-- Given information follows --

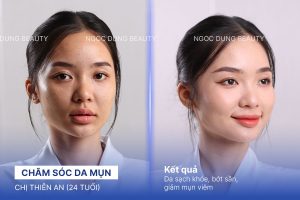Chị Thiên An (24 tuổi) - Chăm Sóc Da Mụn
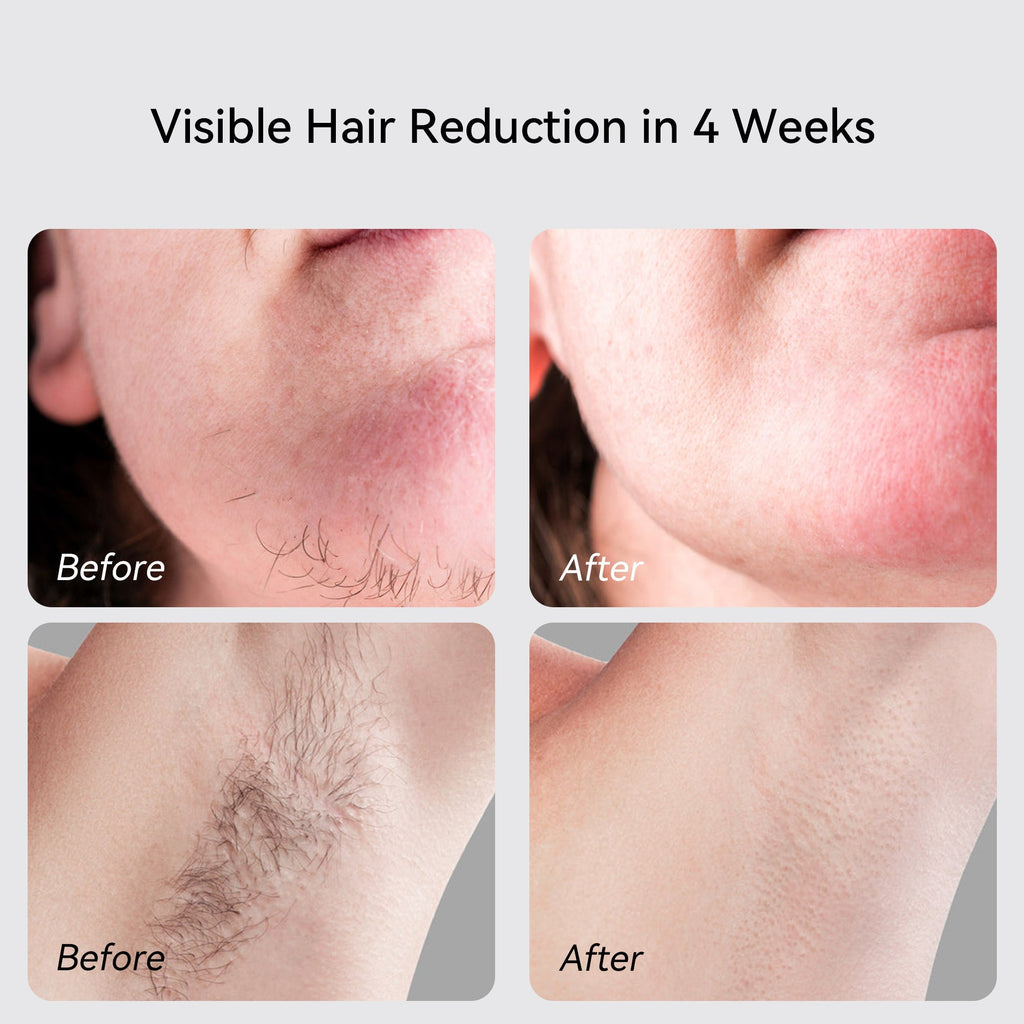 Thorntons VIP Beauty X Sapphire IPL Hair Removal Handset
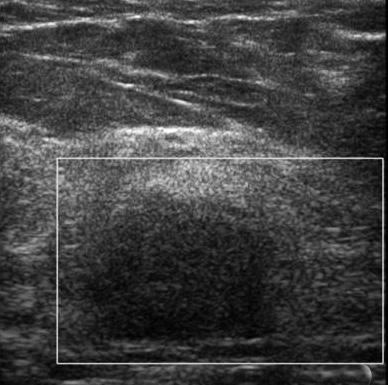 calcification. C, D. Transverse sonography shows about 2.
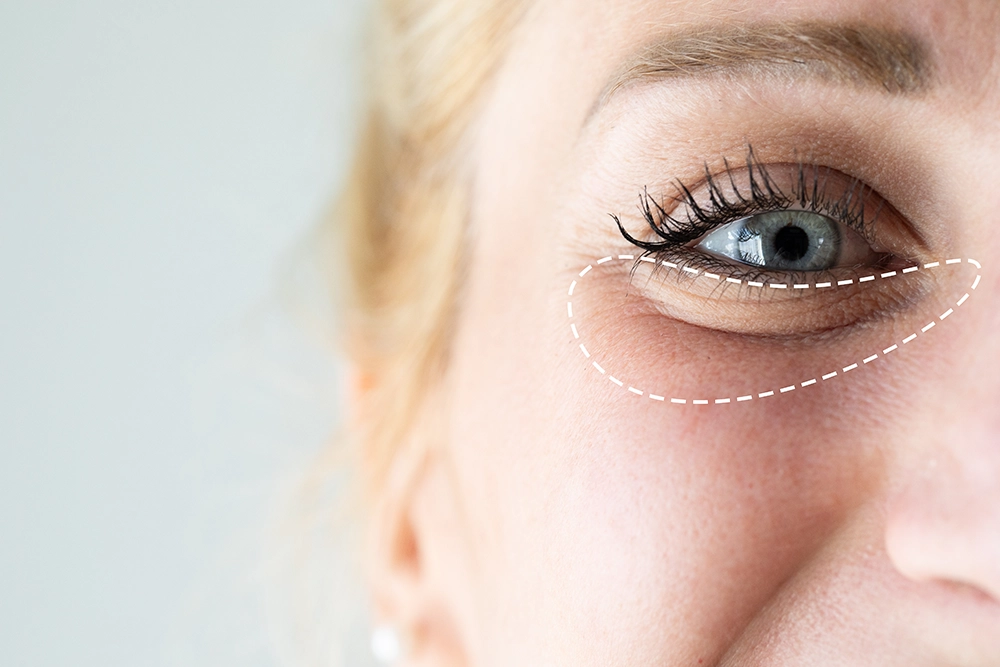 Eye Bag Removal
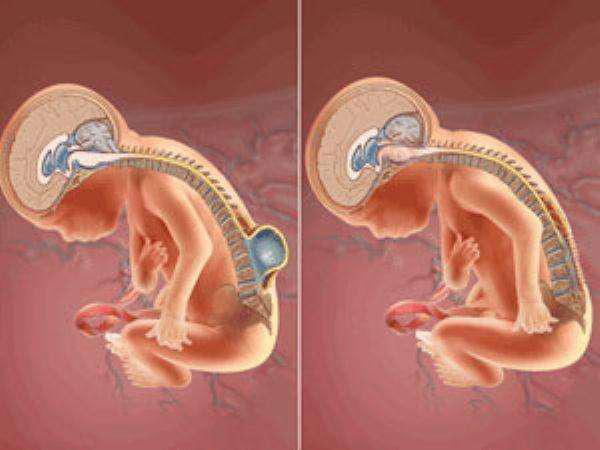 中国有多少先天性脊柱裂病人,脊柱裂属于脊髓病变吗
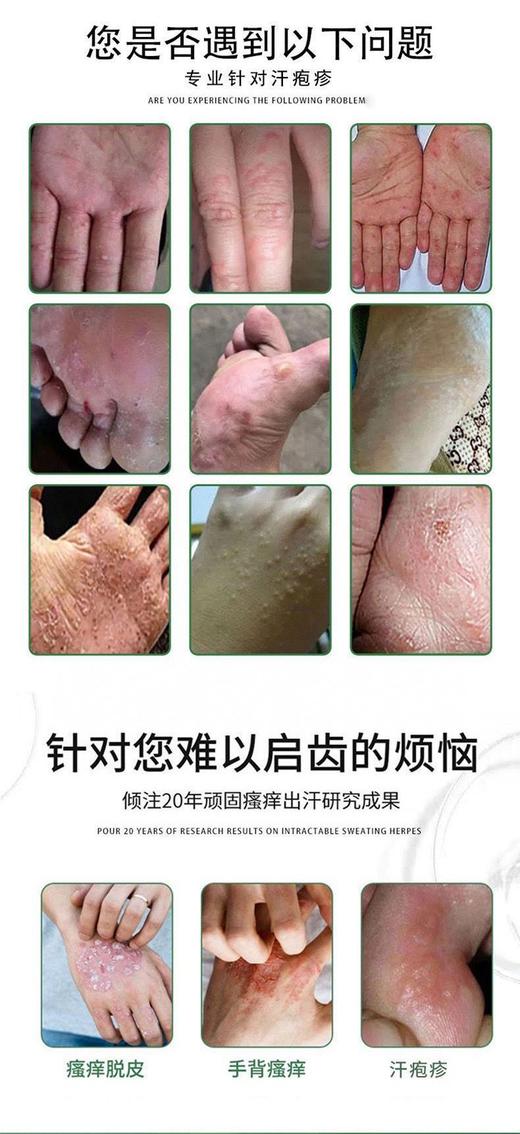 【泰国ManrubonsMken汗疱膏】皮肤问题的克星 天然植物成分必温和缓解不适☆轻松为肌肤保驾护航 纯草本抑菌配方，安全不刺激质地轻盈，一抹瞬间清凉止痒 商品图4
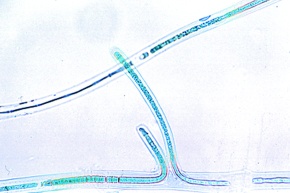 Mikropräparat - Scytonema, fadenförmige Blaualge, mit Scheinverzweigungen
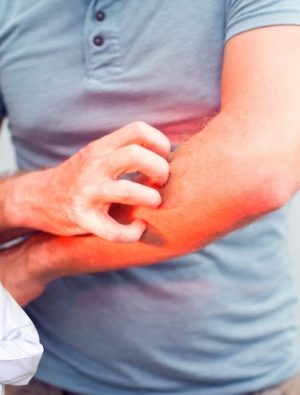 Yaz Aylarında Vücut Mantarı Riskine Dikkat
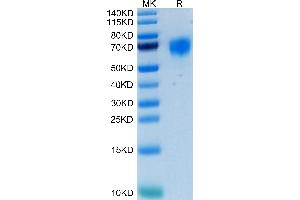 Human FGFR4 on Tris-Bis PAGE under reduced condition.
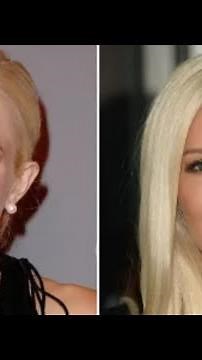 Heidi Montag: 'Plastic' Surgery Before and After Photos: Why She Almost Died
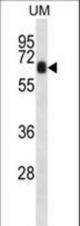 CCDC120 Antibody western blot of uterus tumor cell line lysates (35 ug/lane). The CCDC120 antibody detected the CCDC120 protein (arrow).
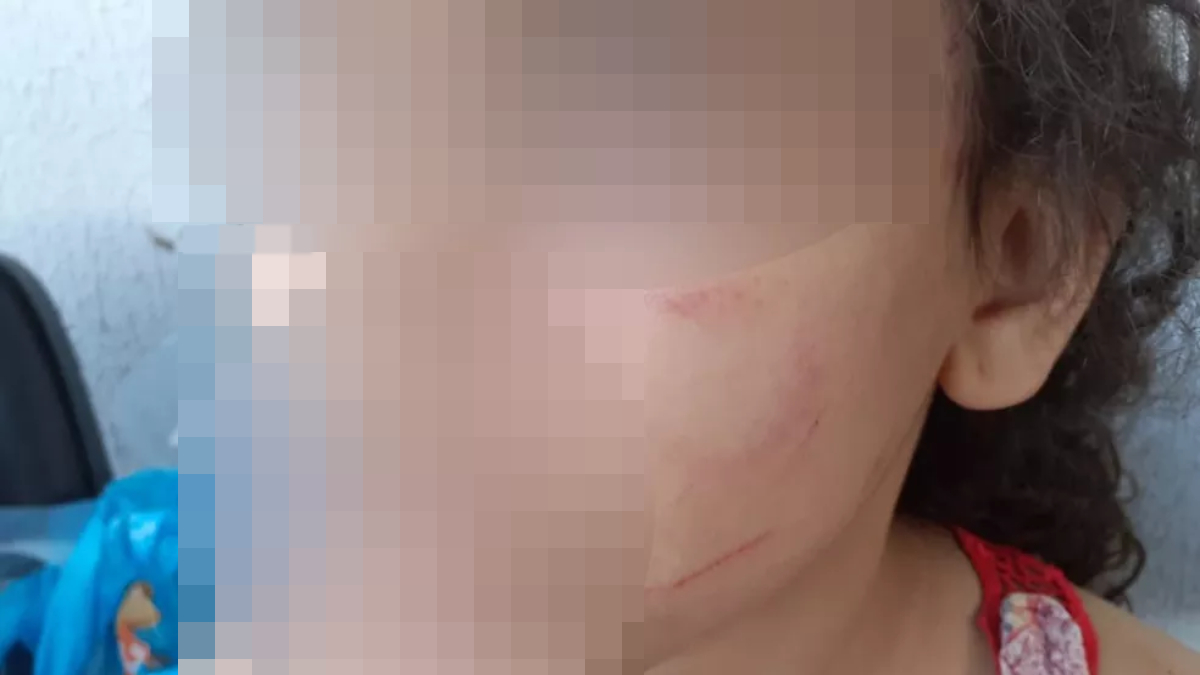 Menina com rosto borrado tem hematoma no rosto. Foto ilustra chamada: Padrasto é suspeito de agredir menina de 6 anos após ficar bêbado em Goiânia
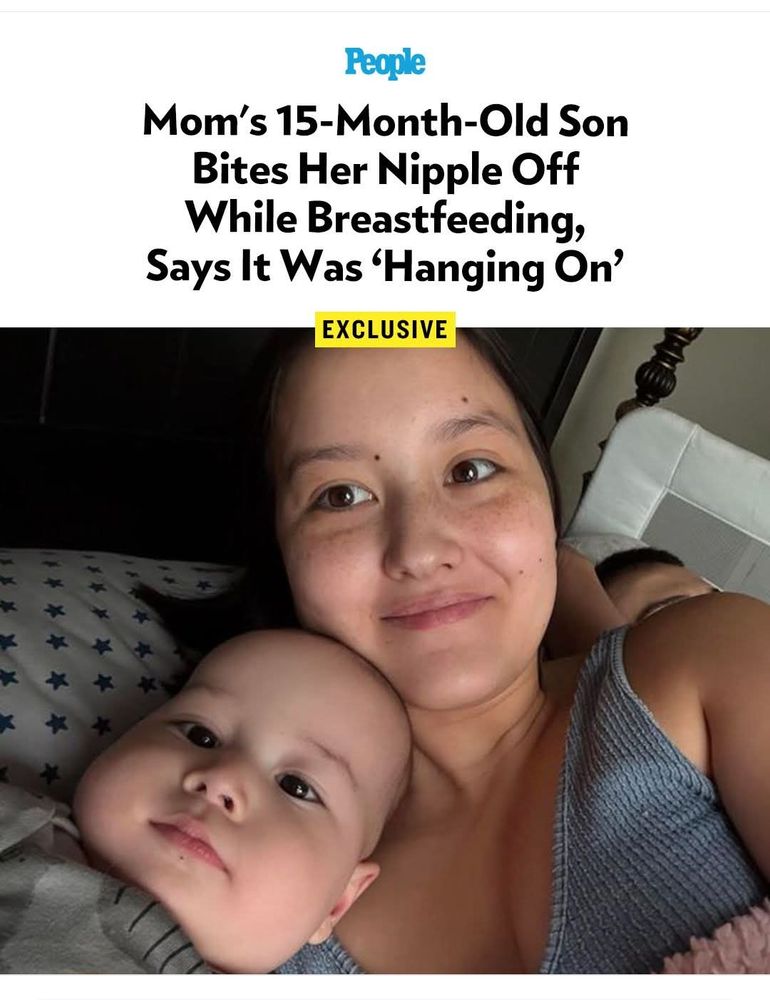 Photo of mom with baby and headline: mom's 15 month old son bites her nipple off whole breastfeeding, says it was 'hanging on'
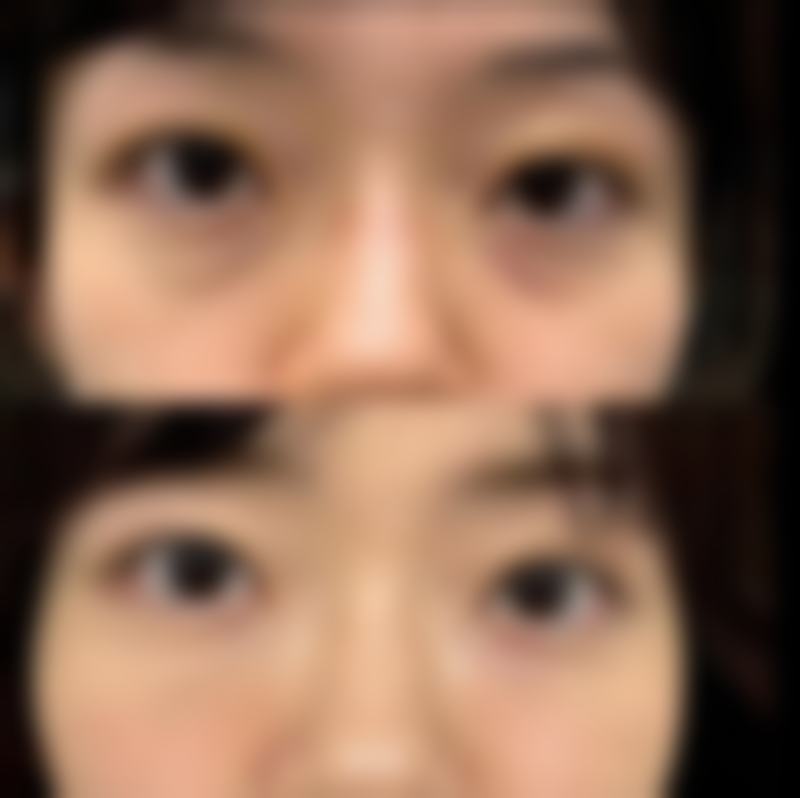 二、饮食注意事项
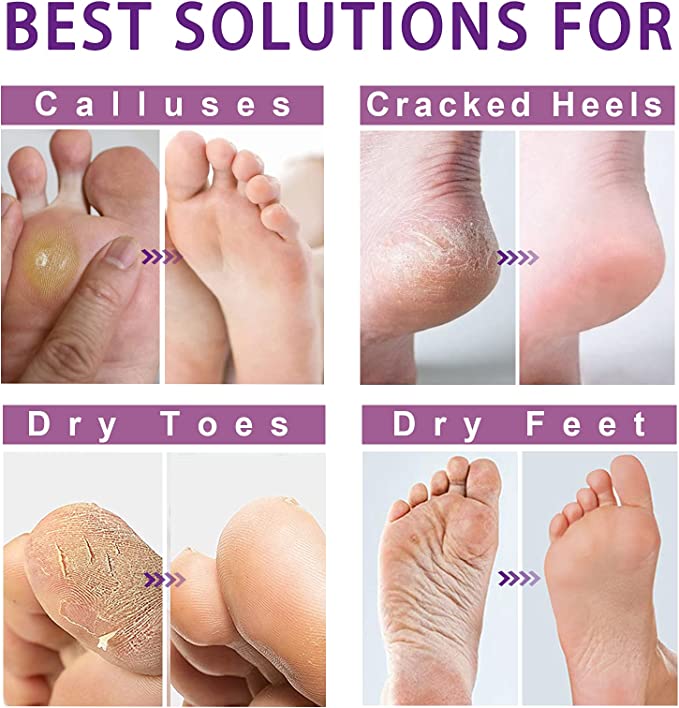 Why Are My Feet So Dry?, Natural Foot Peel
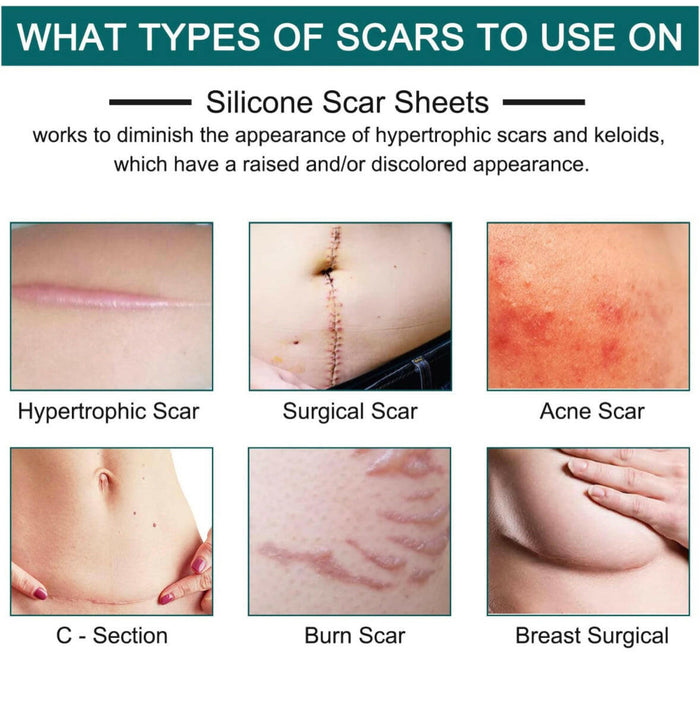 Silicone Scar Sheets (1.6” x 120” Roll-3M).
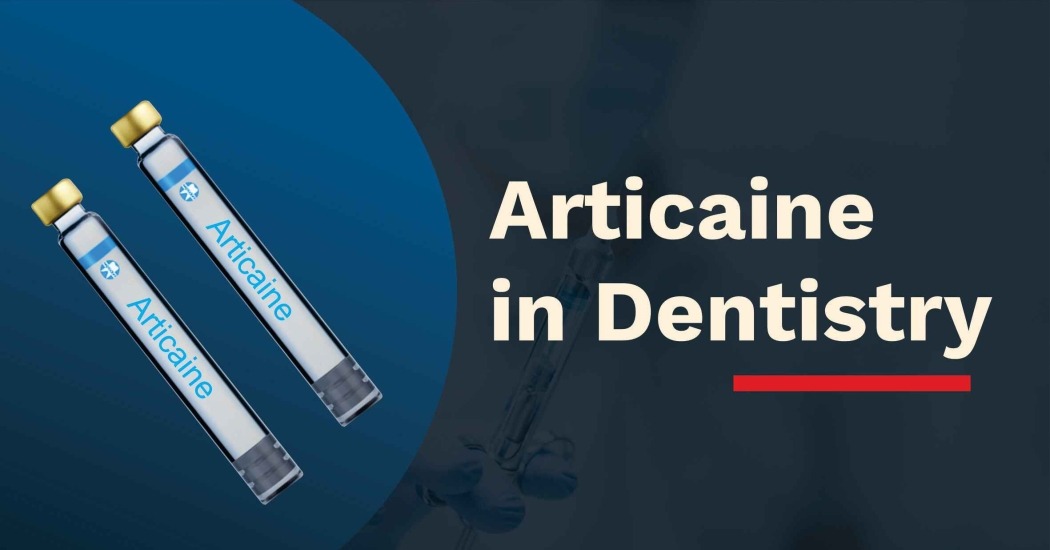 Articaine injection in dentistry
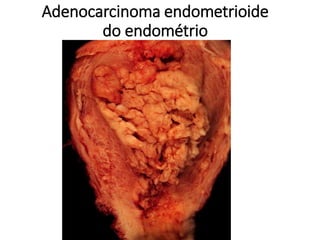 Adenocarcinoma endometrioide
do endométrio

-- Given information concluded --

▶ [Prompt]
From the first line to the last, retype the data above exactly, but not its images.

▶ [Response area]
Chị Thiên An (24 tuổi) - Chăm Sóc Da Mụn
 Thorntons VIP Beauty X Sapphire IPL Hair Removal Handset
 calcification. C, D. Transverse sonography shows about 2.
 Eye Bag Removal
 中国有多少先天性脊柱裂病人,脊柱裂属于脊髓病变吗
 【泰国ManrubonsMken汗疱膏】皮肤问题的克星 天然植物成分必温和缓解不适☆轻松为肌肤保驾护航 纯草本抑菌配方，安全不刺激质地轻盈，一抹瞬间清凉止痒 商品图4
 Mikropräparat - Scytonema, fadenförmige Blaualge, mit Scheinverzweigungen
 Yaz Aylarında Vücut Mantarı Riskine Dikkat
 Human FGFR4 on Tris-Bis PAGE under reduced condition.
 Heidi Montag: 'Plastic' Surgery Before and After Photos: Why She Almost Died
 CCDC120 Antibody western blot of uterus tumor cell line lysates (35 ug/lane). The CCDC120 antibody detected the CCDC120 protein (arrow).
 Menina com rosto borrado tem hematoma no rosto. Foto ilustra chamada: Padrasto é suspeito de agredir menina de 6 anos após ficar bêbado em Goiânia
 Photo of mom with baby and headline: mom's 15 month old son bites her nipple off whole breastfeeding, says it was 'hanging on'
 二、饮食注意事项
 Why Are My Feet So Dry?, Natural Foot Peel
 Silicone Scar Sheets (1.6” x 120” Roll-3M).
 Articaine injection in dentistry
 Adenocarcinoma endometrioide
do endométrio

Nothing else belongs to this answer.